I was visiting a historic church some years ago and picked up a short history of the congregation. I learned that its first sanctuary had burned to the ground on December 3, 1903. “No doubt, to train his people for greater things,” the account read, “it pleased the Lord to reduce this splendid edifice of worship to a gutted, smoldering ruin by a disastrous fire.” Who would have guessed that God delights in burning churches down? The familiar spiritual catchphrase of our day, that “God has a plan for everything,” may have been absent from the narrative. But the idea was there all the same.
Pious clichés often use God to explain away difficult or tragic circumstances. My sense is that language of “God’s plan” brings a measure of comfort to many who feel a loss of control in a universe that is not always safe, predictable, or friendly. Assigning blame or credit to God for outlandish things can make hard or inexplicable situations suddenly seem reasonable.

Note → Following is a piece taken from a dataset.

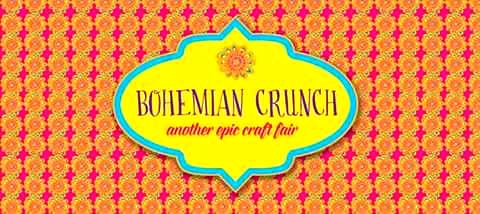 Bohemian crunch
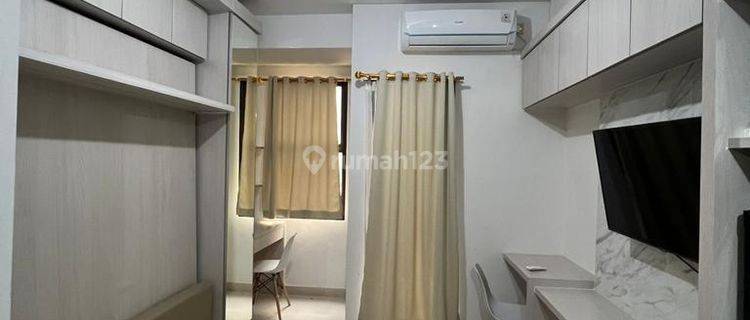 Apartemen TransPark Cibubur Full Furnish Bisa Bulanan 1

Two weeks ago, a helicopter lifted a 19-year-old in our congregation to a regional hospital after a hit-and-run driver skipped a stop sign and plowed into his motorcycle. When a family friend learned that Pete’s right leg had to be amputated, she phoned Pete’s mother to reassure her that this hardship was part of God’s plan for Pete. The mother was aghast. As she explained to me later, this bit of folk wisdom falsified her own experience and faith. Wasn’t there more reason to fear rather than love a God this morally ambivalent or malevolent?